Community-Led Efforts to Create Safe Communities: Diversity, Dialogues, and Directions for Moving Forward

Back to Spring 2021: Volume 110, Number 1

By Valerie Lemmie, Kathy Quick, and Brian N. Williams

Introduction

How can community groups and governmental organizations – with their disparate kinds of knowledge, experiences, and values – work together on mutual concerns about safety? Readers of this journal need no reminder of the saliency of this question. Communities across this nation and the globe seek safe spaces in which people can actualize their fullest potential. Residents, law enforcement professionals, and community and government leaders seemingly have a mutual interest in public safety, so there should be opportunities to act in complementary ways to create safe communities. Yet, community members increasingly question public institutions’ legitimacy, with many distrusting their government, particularly local police. Officer-involved shootings, accusations of police misconduct, and social movements such as Black Lives Matter are constantly in the news.

Many community members see disparate treatment and feel unsafe around police, which disconnects and divides them from government and fuels mistrust. Police feel called to serve and protect the community, even to the extent of placing their own safety at risk, and increasingly experience public distrust and resentment about how they do their job. Relationship-building is often recommended as a path forward from this morass. Still, it is hard to have a dialogue about the issues and options because people are divided on what the priorities are for safety, fearful of one another, and doubtful that there is a way forward. We do not want to overstate these problems, nor to conclude that community members’ and law enforcement professionals’ attitudes are necessarily in conflict with each other, but rather to acknowledge that these conflicts and tensions make complementary action increasingly difficult.

Civic engagement opportunities around public safety are problematic, promising, and faced with many obstacles. All parties—community members and public officials—know they need each other to create communities where everyone feels safe. Here, we share lessons from one surprisingly hopeful effort: a series of learning exchanges about public safety held in 2018 at the Kettering Foundation in Dayton, Ohio.

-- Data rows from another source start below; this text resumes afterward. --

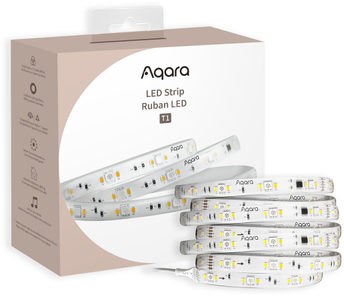 Aqara T1 LED juosta RGB+CCT Zigbee (RLS-K01D)
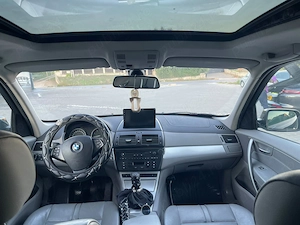 BMW X3 xDrive   2008   PANORAMICĂ   4x4 - imagine 2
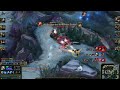 ZanapherLoL - My Penta with Cam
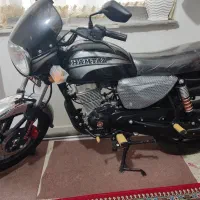 دو موتور باکسر همتاز 1403و1404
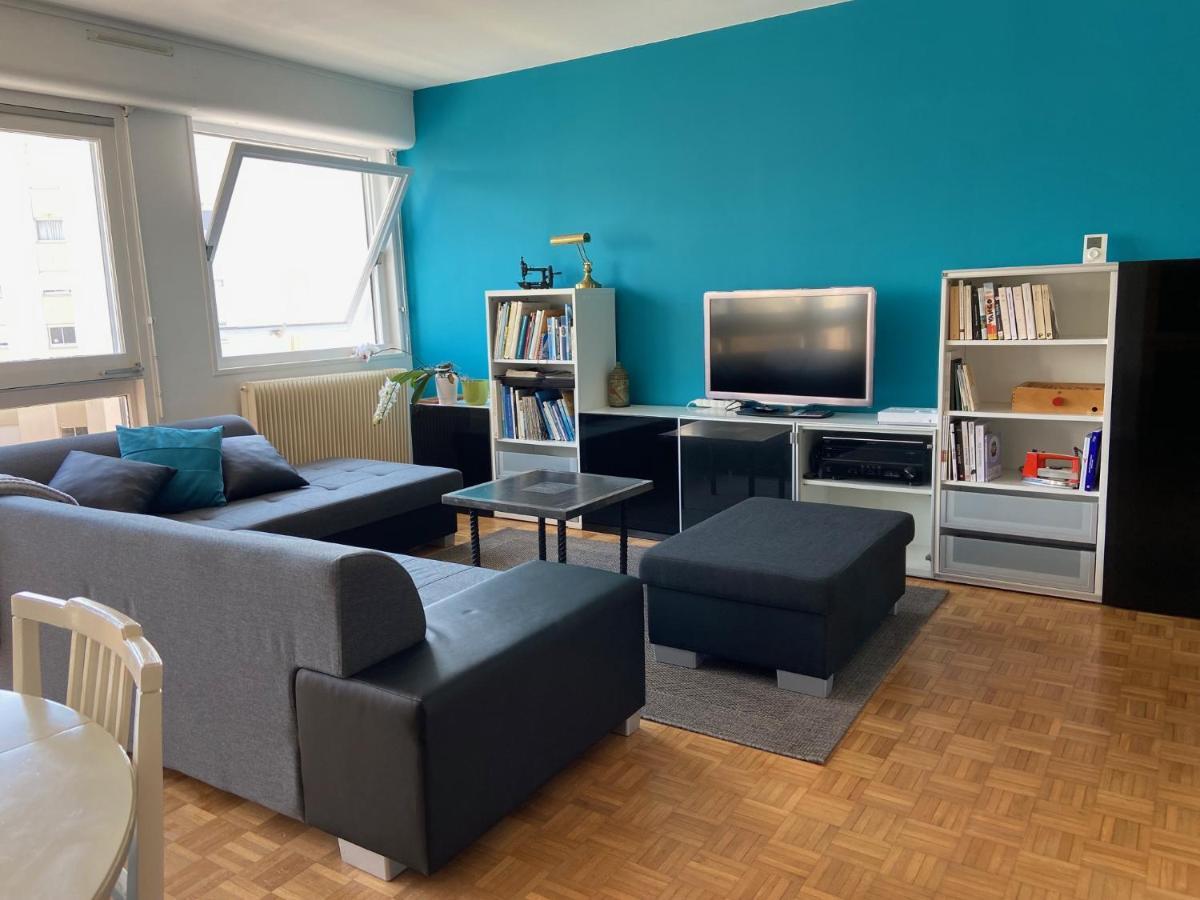Appartement De Ville Et Plage Concarneau Ngoại thất bức ảnh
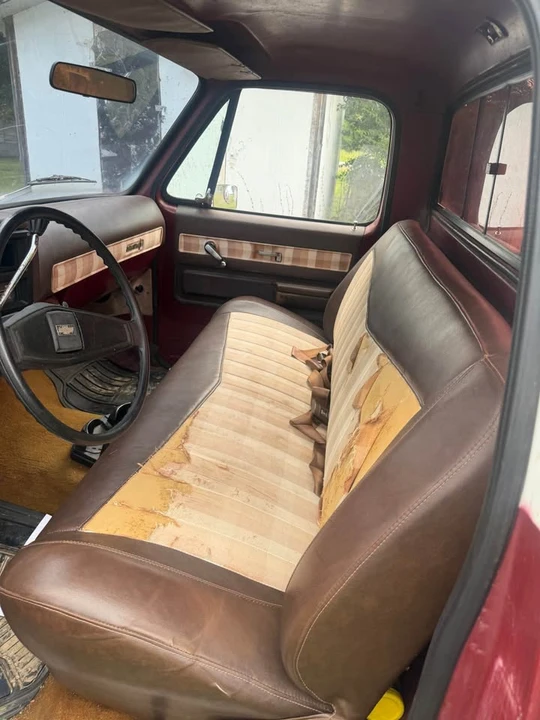 1977 Chevrolet C/K 3rd Gen - Image 16 of 18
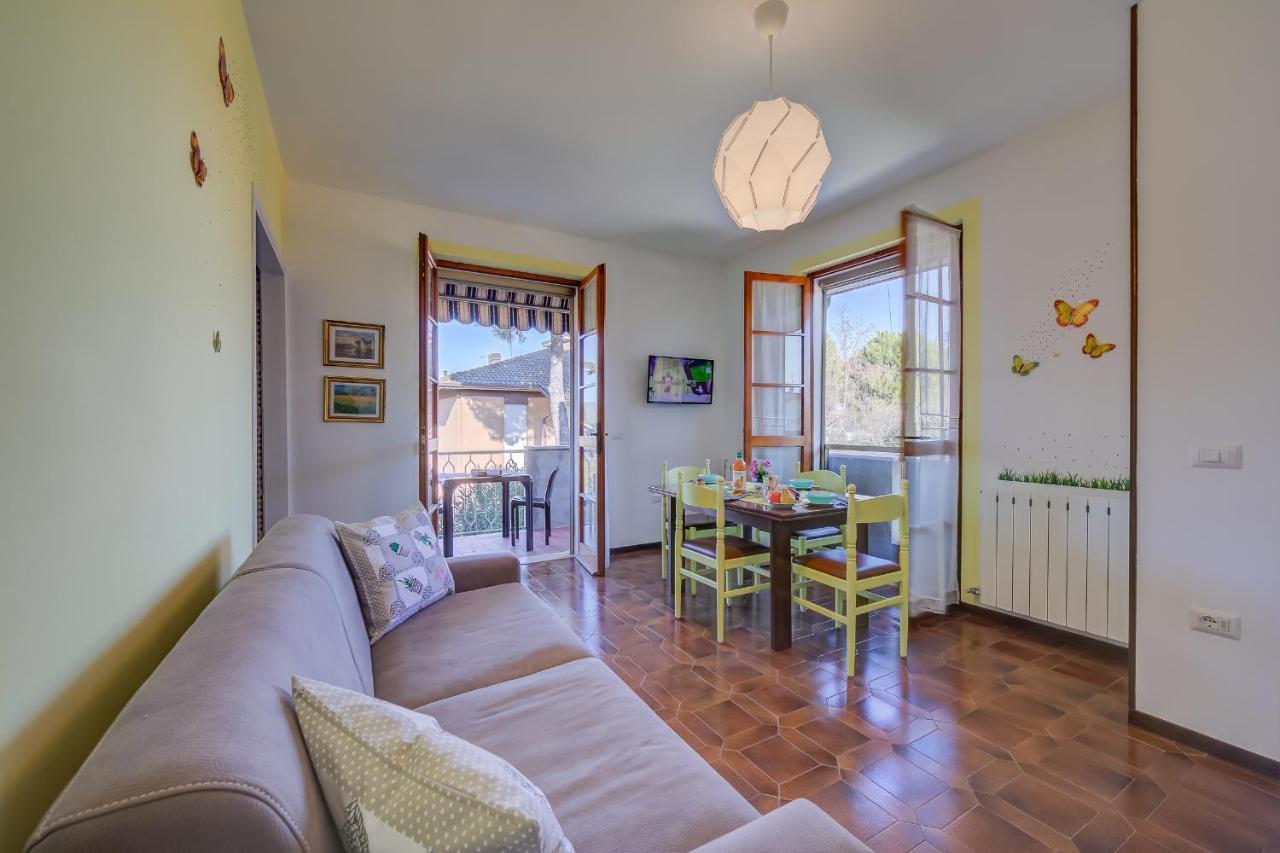 Villa Fiorita Apartments - Happy Rentals Sirmione Exterior foto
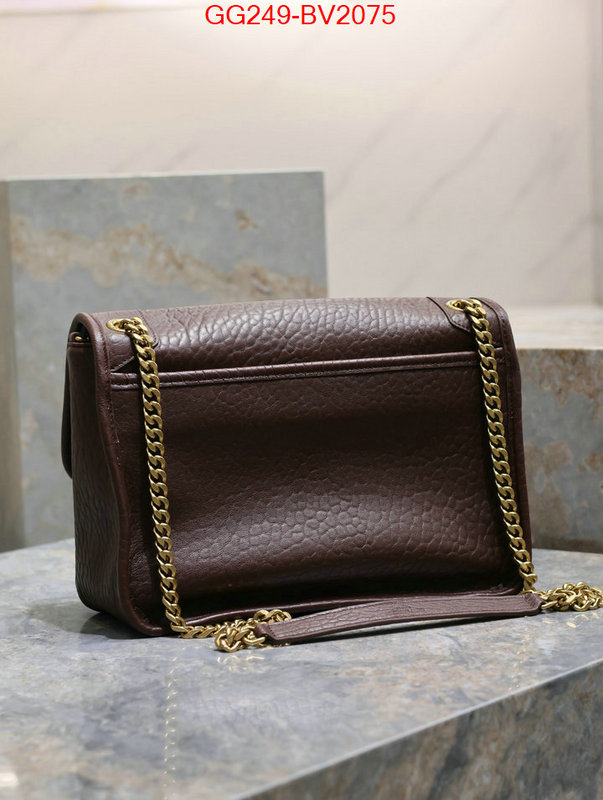 fashion ID: BV2075 $: 249USD,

All 39 of the participants had been part of some prior dialogues about community-police relationships. By their own accounts, these dialogues were refreshingly different in that they emerged feeling respected, hopeful, and renewed in their commitments. Thus, they are a microcosm of what might be gained – under certain conditions – through deep dialogue. In this article, we share some lessons learned about using deliberation to reach new understandings of why some people don’t feel safe and how to address these fears.  We found new relationships and ideas for complementary actions to co-create safer communities, seeing this not just as the job of police, but as a job for the entire community.

Design of Dialogues

A few aspects of our learning exchanges seem especially relevant to the positive and unexpected outcomes we experienced. Our convener, the Kettering Foundation, has researched democratic problem-solving and the co-production of public goods by community members and public institutions for more than 40 years. The personal, professional, and research knowledge each of the three authors and the Foundation bring to this work helped inform these dialogues. The Kettering Foundation also has a long history of convening groups to engage in extended, deliberative dialogue for mutual learning through shared inquiry. Our sessions were guided by a set of questions about how the participants had been experimenting with community-led efforts to create safe communities. We asked what they had tried, why they did what they did, how it was working, what they were learning, and what they wanted to try next.

In these exchanges, as participants learned together, the learning community within the exchanges resembled opportunities for boundary-spanning work they were doing – or might do – at home.  This dual learning model—communities learning from other communities and their work at home—added a richness and vitality to the discussions that encouraged innovation and experimentation. The learning exchange community provided support to its members, including a shoulder or hug, encouragement, and the confidence to keep working through the tensions and conflicts that arose to find common ground on the shared problem of creating safe communities defined not by crime statistics alone, but by community members working with one another and public institutions to define what safety looked like in their respective neighborhoods.

The learning in the exchanges and the trust that developed among participants facilitated our convening/support role in several fruitful ways. First, our purpose was explicitly to explore how communities might work through the mutual mistrust that burdens community members’ relationship with government. Thus, we were neither setting out to fix the problem nor simply to analyze it without seeking solutions, but rather to engage the experiences of others with open curiosity. We were particularly interested in reconsidering ways to re-center these relationships with community members as coproducers or complementary actors in public safety, rather than as customers or subjects of policing. For example, leaders of a community organization that served immigrants spoke about the progress their community had made by both redefining safety to include physical safety and freedom from hostility and fear and by having law enforcement recognize and validate immigrants’ commitment, engagement, and capacity to improve safety for everyone.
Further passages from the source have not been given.